## WHAT IS EXPECTED
What is needed is an exact copy of the data below, pictures excluded.

## GIVEN DATA
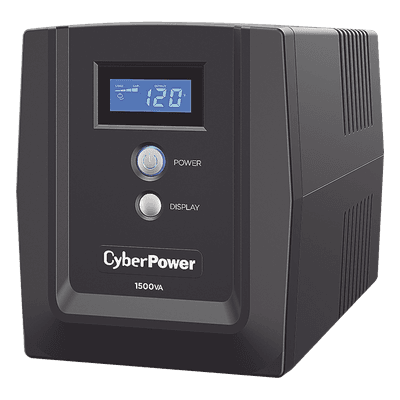 CYBERPOWER UPS de 1500 VA/900 W, Topología Línea Interactiva, Entrada 120 Vca NEMA 5-15P, y 8 Salidas NEMA 5-15R, Con Regulador de Voltaje (AVR)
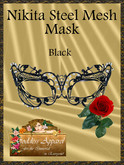 *Goddess* Nikita Steel Black Mesh Mask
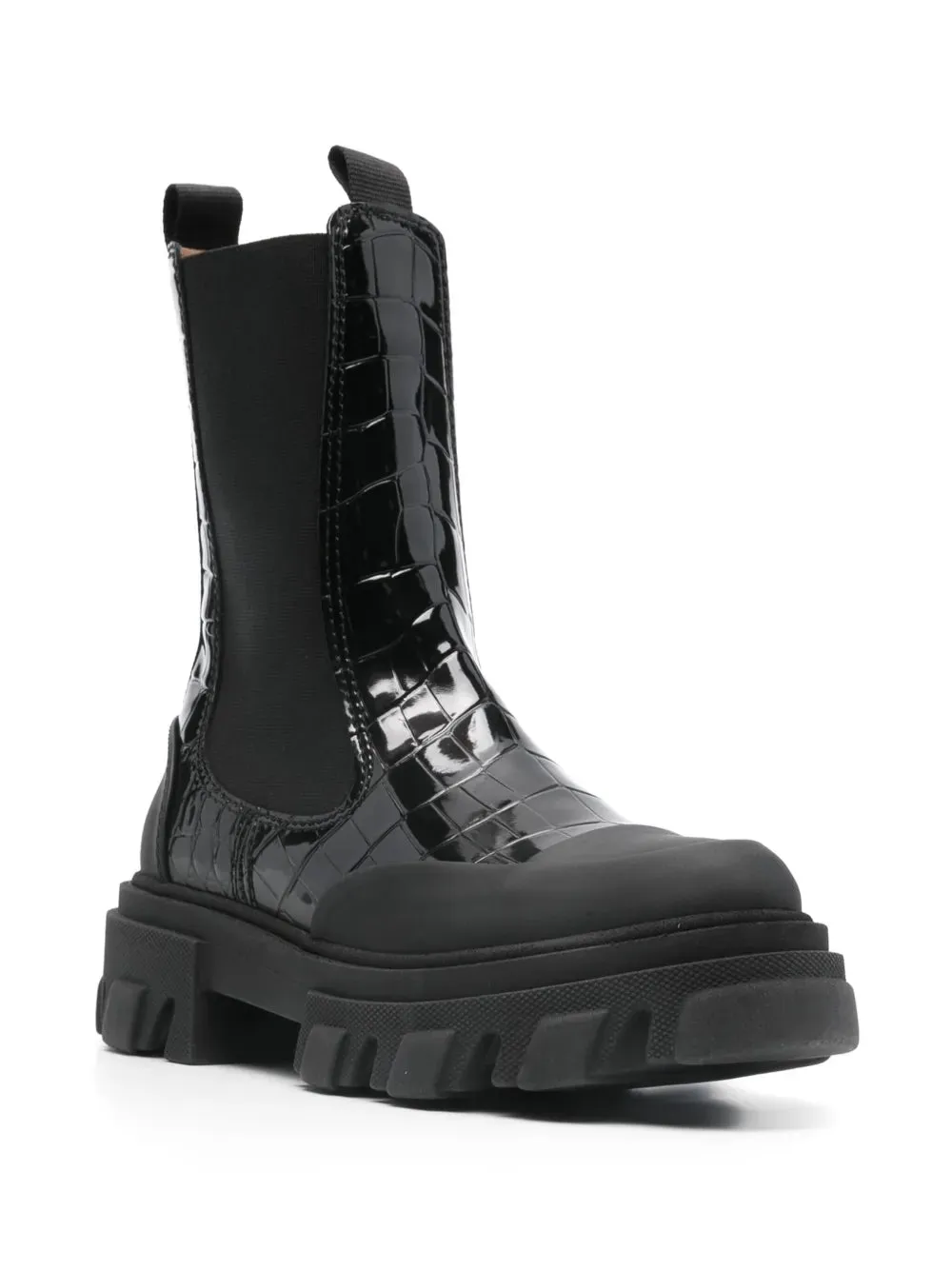 GANNI croc-effect Chelsea boots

## RESULT FOR THIS EXERCISE
 CYBERPOWER UPS de 1500 VA/900 W, Topología Línea Interactiva, Entrada 120 Vca NEMA 5-15P, y 8 Salidas NEMA 5-15R, Con Regulador de Voltaje (AVR)
 *Goddess* Nikita Steel Black Mesh Mask
 GANNI croc-effect Chelsea boots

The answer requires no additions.